Any two accomplished artists with an open-form approach should be able to get together and make significant music. It gets more involved and harder as you add more and more players, maybe, but two should get something good together without necessarily doing an extensive working-through. That sometimes that doesn't work out is a product of almost infinite possibilities, the one central one perhaps is that it's just not a good day for one or both.

That certainly isn't the case with the confluence of two masters, Milford Graves & Bill Laswell, and their album Space / Time Redemption (TUM 040). It is an interesting pairing on many fronts anyway. Milford Graves is one of the avant-free innovators of our time. Ever since his pairing up with ESP new thing ensembles and his seminal duo with percussionist Sonny Morgan for that label he has stood out as one of the most inventive creative free drummers alive. Bill Laswell comes out of a more electric environment, but he too has given voice to the electric bass as distinctively in his own way as Milford has recreated for himself the orchestral drum kit. Laswell's work with Material and you-name-it has established him as a voice, an electric bassist with his own sure way.

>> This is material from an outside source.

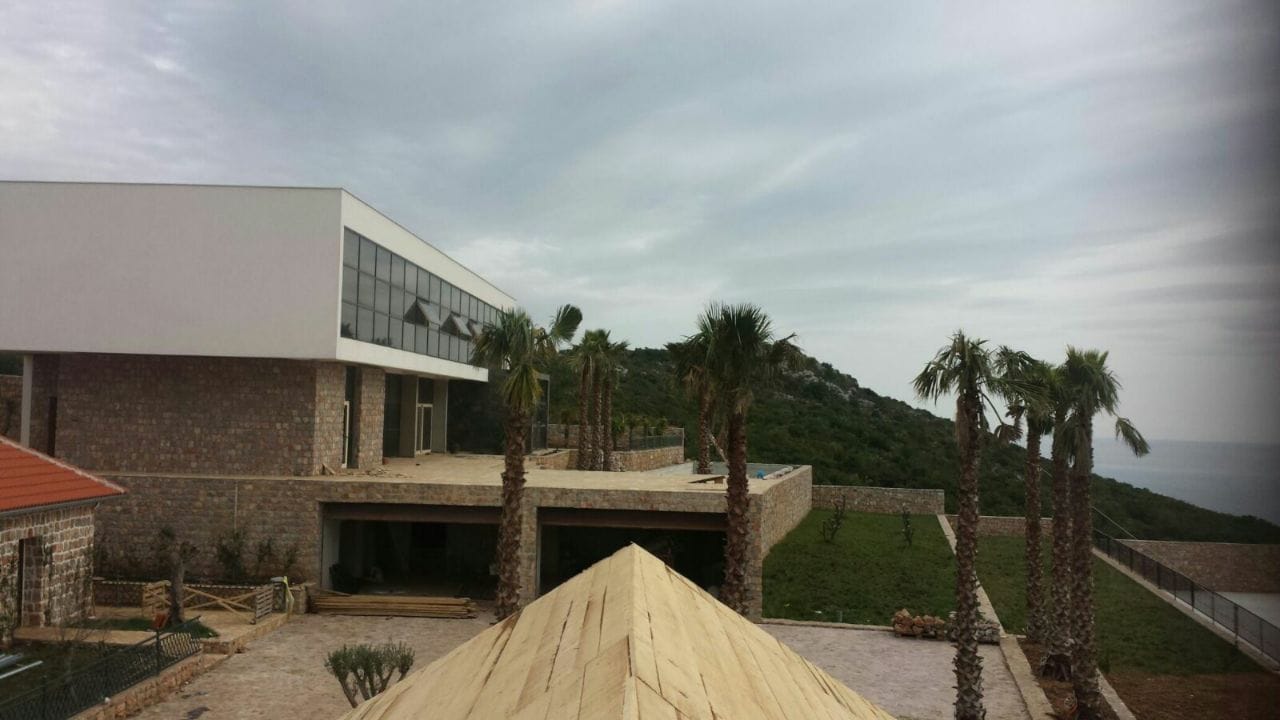 Modern villa in Krimovica, Montenegro: stone facade, panoramic windows, and palm trees against a seaside landscape.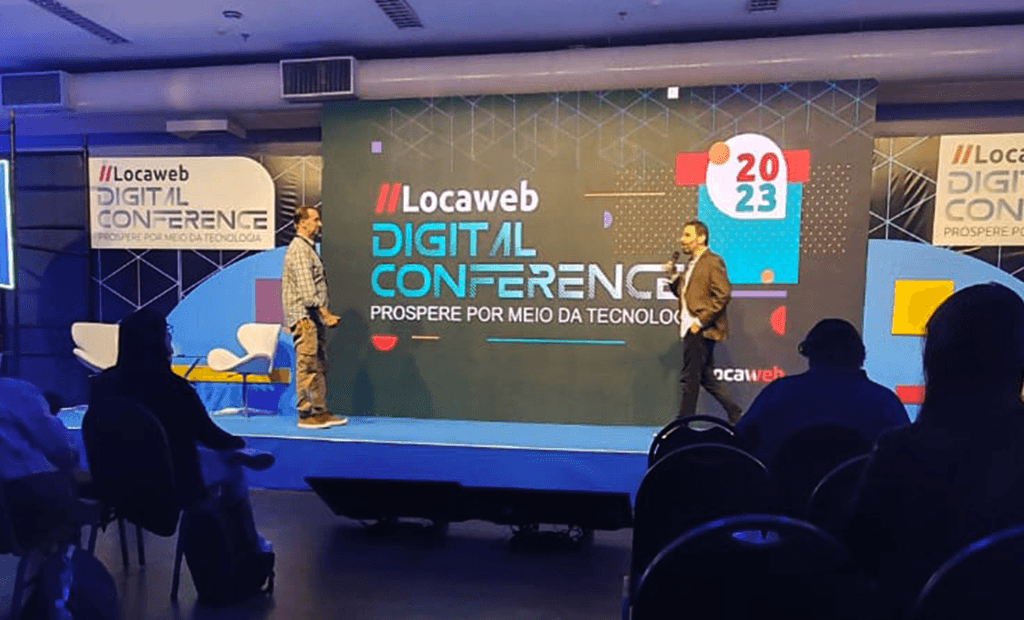 Dois homens palestram na Locaweb 2023 sobre tecnologia e acessibilidade digital para uma plateia atenta.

So it turns out that Space / Time Redemption is an especially fruitful pairing. Milford always comes through with very creative, very musical, very original drumming and he sounds better than ever on this one. There is the way he phrases that comes at you in such an open yet deliberate way that anyone playing within his orbit can be sure that what they do will meet with a musical response. Bill Laswell is the kind of bass player who with his deeply evocative sound born of attack and electricity sounds completely sufficient and full as the only strictly melodic instrument on a date like this. The space he has to work within he uses in the most musical and impressively articulate ways.

Master of percussive sound Graves is not to be missed here. He opens up a rhythmic and melodic space as only he can, never fast for its own sake or bashing for its own sake, but always very controlled in sound and attack, always lyrically forceful in that special fanfarish style of his. Laswell responds with the full spectrum of single noting, octave and chordal multi-stops, harmonics and a musical logic that meshes especially well with what Milford does.

Two masters in top form. They never sound undirected or uninspired. They give us an open-ended inventiveness that has focus from start to finish. Excellent! This is a must for those who are students of new electric bass styles and drum freedom mastery. And it is a gas to listen to!